Agustus 7, 2008 · Tinggalkan sebuah Komentar

Aku pikir aku bakal jadi pengajar bagi anak-ku.

Ternyata sejak sebelum lahir-pun anak-ku sudah banyak mengajari aku.

Aku pikir aku bakal menjadi pembimbing bagi anak-ku,

Ternyata kehadiran anak-ku membimbing aku supaya mau lebih maju.

Aku sangka aku yang menopang keberadaan anak-ku.

Ternyata keberadaan anak-ku juga turut mendefinisikan aku lebih jauh lagi.

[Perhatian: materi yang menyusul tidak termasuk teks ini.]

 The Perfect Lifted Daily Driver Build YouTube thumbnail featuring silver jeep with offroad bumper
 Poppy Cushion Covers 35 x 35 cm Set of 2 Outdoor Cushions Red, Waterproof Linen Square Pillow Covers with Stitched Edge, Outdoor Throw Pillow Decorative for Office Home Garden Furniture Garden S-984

Aih, kecilnya aku – tanpa tahu apa-apa aku berprasangka, hanya karena aku sudah punya pengalaman 27 tahun lebih awal aku menduga… tapi aku tau, semua itu tidak berlaku.

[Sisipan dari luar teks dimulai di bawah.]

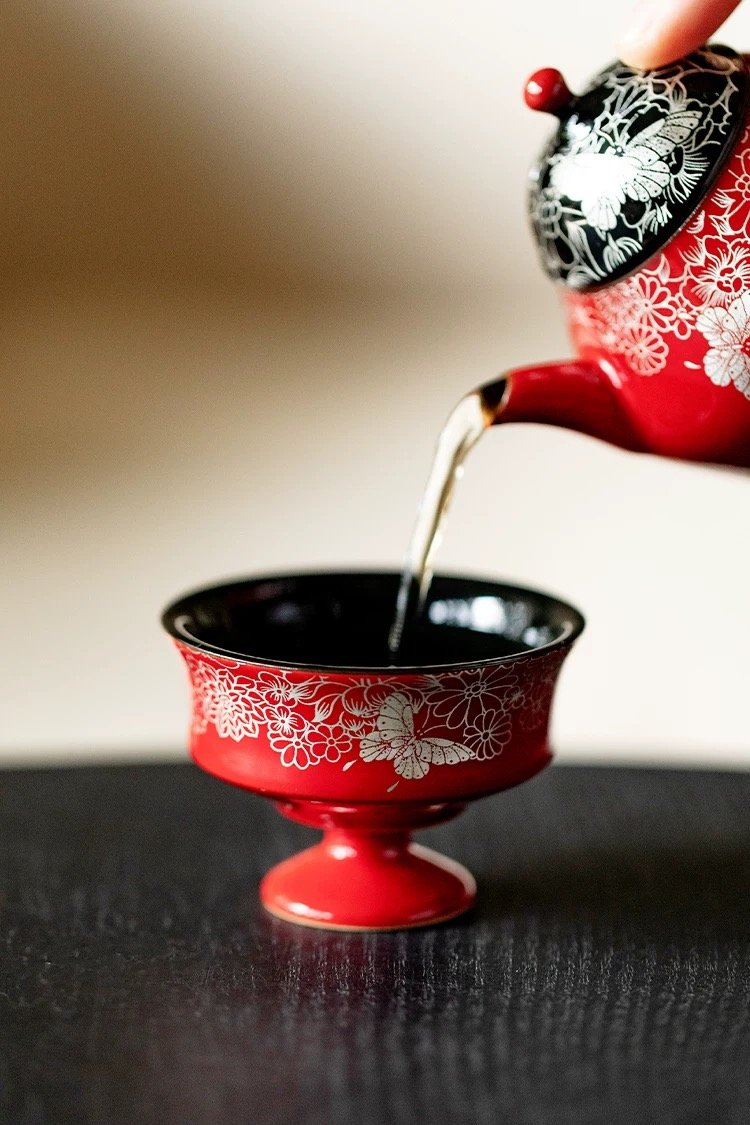 Gold Silver Inlay Zhemeng Vermilion Tea Tray: The Breathtaking 2-Piece Chinese Tea Ceremony SetΩ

Aku lebih terbuka menerima, segala perubahan yang ajaib ini. Bagaimana rasanya tiap inci pribadiku dipertajam, di taruh dibawah kaca pembesar untuk aku lihat sendiri.

Aku dihempaskan melihat kekuranganku sendiri, aku dilambungkan pada saat mengerti kelebihanku. Aku dituntut untuk menemukan keseimbangan diantara keduanya… karena dalam keseimbangan itulah aku bisa menggandeng anak-ku dalam keseharian kami.